На лекциях Джанет ощутила всеобщее восхищение и как неизбежное дополнение к нему – затаенную зависть. И она, не любящая внешнего и показного, на этот раз все-таки согласилась со своим триумфом. Подходили даже старшекурсники, а сорбоннский профессор, галантно приложившись к ее ручке, заявил, что она как нельзя верно раскрыла сущность европейского ведьмовства, по которому он сам является первым специалистом. Но ни Хаскема, ни Джиневры не было видно нигде. Опускаться до расспросов Джанет не захотела, но несколько раз все же прошла и мимо Хильды и мимо Мертона – безрезультатно. Впрочем, это не отравило ее удовлетворенности собой.
Прошло еще несколько дней, всеобщий восторг поутих, и теперь Джанет удивлялась, что, собственно говоря, его вызвало. Процесс она проиграла, а любовником Хаскем оказался откровенно неважным, если не считать того неожиданного, должно быть, почти мужского ощущения владения чужим телом, владения достаточно холодного и расчетливого, что, после полной потери себя с Милошем, оказалось для Джанет удивительно острым и увлекательным. Кроме того, ее, как хлыстом, жгло то унижение, которое она испытала, когда обнаружилось, что у их ласк был соглядатай. Весь этот клубок спутанных чувств требовал в конечном счете лишь одного – повторения, то есть проверки и реванша.

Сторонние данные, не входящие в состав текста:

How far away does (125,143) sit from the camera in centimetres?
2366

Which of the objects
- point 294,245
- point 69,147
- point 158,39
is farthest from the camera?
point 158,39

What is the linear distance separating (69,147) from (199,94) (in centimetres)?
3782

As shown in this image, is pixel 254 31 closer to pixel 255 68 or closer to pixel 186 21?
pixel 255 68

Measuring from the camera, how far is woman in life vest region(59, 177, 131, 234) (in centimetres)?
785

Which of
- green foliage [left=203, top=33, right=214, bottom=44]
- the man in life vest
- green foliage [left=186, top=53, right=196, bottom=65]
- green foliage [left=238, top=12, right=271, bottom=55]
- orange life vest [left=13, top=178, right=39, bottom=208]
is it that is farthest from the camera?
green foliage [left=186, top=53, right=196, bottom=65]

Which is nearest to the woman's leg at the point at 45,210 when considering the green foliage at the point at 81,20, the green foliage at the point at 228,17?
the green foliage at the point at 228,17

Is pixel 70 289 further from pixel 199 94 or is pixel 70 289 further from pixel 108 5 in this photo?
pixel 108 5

Однако Хаскема Джанет увидела лишь после Рождества, которое она впервые встретила, не поехав домой, где как обычно собралась вся семья, а оставшись в Оксфорде. Любопытство и стремление поставить точки над i, а, возможно, и еще какое-то пока неясное для нее чувство, оказались сильнее традиций. Впрочем, жертва была напрасной: ни на одном из новогодних праздников и спортивных состязаний Хаскем не присутствовал, а к концу рождественских каникул Джанет вообще стало казаться, что никакого Хью Хаскема на свете не существует и все, случившееся с ней, только плод ее переутомленного воображения. Все короткие зимние дни она просидела в Бодли,[33]за учебниками наводящего смертную тоску земельного права.

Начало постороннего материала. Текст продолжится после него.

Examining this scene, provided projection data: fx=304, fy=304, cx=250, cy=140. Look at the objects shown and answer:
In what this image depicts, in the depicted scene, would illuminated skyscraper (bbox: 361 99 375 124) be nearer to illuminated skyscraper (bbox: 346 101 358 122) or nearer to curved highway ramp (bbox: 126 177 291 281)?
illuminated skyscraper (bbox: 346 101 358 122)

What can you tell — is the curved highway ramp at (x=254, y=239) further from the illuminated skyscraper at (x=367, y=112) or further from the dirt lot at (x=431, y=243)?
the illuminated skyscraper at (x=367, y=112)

К середине января над елизаветинскими куполами и шпилями стало ненадолго повисать красновато-кирпичное солнце, и в эти часы Джанет старалась непременно выбраться в парк или на набережные. Она просто шла, ни о чем не думая, отдаваясь всяким мелочам, вроде узорно подмерзшей лужи, слишком крупной вороны или упругому движению собственной длинной ноги, перешагивающей очередной поребрик. Неожиданно рядом со своим замшевым ботинком на высокой шнуровке она увидела не по сезону щегольской мужской башмак, купленный не ниже, чем у Гуччи, – перед Джанет в длинном сером пальто, такого же цвета шелковом кашне и без шапки стоял Хаскем.